Sexe neutre sur les états civils et respect de la vie privée

CEDH, 31 janv. 2023, n°76888/17

Etat civil, Droit international privé de la famille

Enseignement de l'arrêt

Le refus des autorités françaises de remplacer la mention « sexe masculin » par la mention « sexe neutre » ou « intersexe » sur l’acte de naissance ne viole pas l’article 8 de la Convention européenne de sauvegarde des droits de l’homme qui assure le droit au respect de la vie privée et familiale.  
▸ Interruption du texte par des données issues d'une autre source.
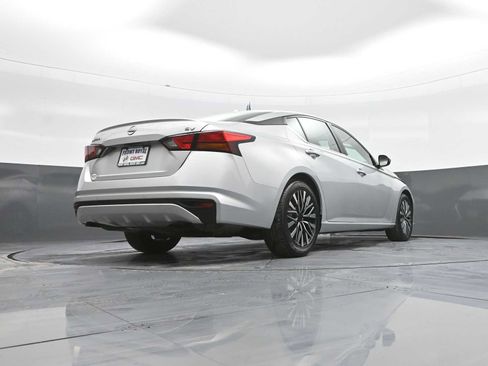 Used 2023 Nissan Altima 2.5 SV image 41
Exposé de l’arrêt du 31 janvier 2023

Rappel des faits

Un enfant nait en France en 1951 et se trouve déclaré par ses parents à l’officier de l’état civil comme étant de sexe masculin.  

En 2015, cet enfant devenu adulte demande au procureur de la République de Tours de saisir le tribunal judiciaire afin qu’il remplace la mention « masculin » par la mention « sexe neutre » ou à défaut « intersexe ».  

Il fait notamment valoir que jusqu’à l’âge de 12 ans, il a cru être de sexe masculin avant la révélation de son ambiguïté sexuelle.  Il ajoute que le processus de différenciation sexuée ne s’est pas opéré in utero, et qu’il était impossible de déterminer à sa naissance s’il était garçon ou fille. Faute de testicules ou d’ovaires, son corps n’a jamais produit d’hormones sexuelles (testostérone ou œstrogène) et ne s’est ni masculinisé ni féminisé et, à l’adolescence, la puberté ne s’est pas déclenchée.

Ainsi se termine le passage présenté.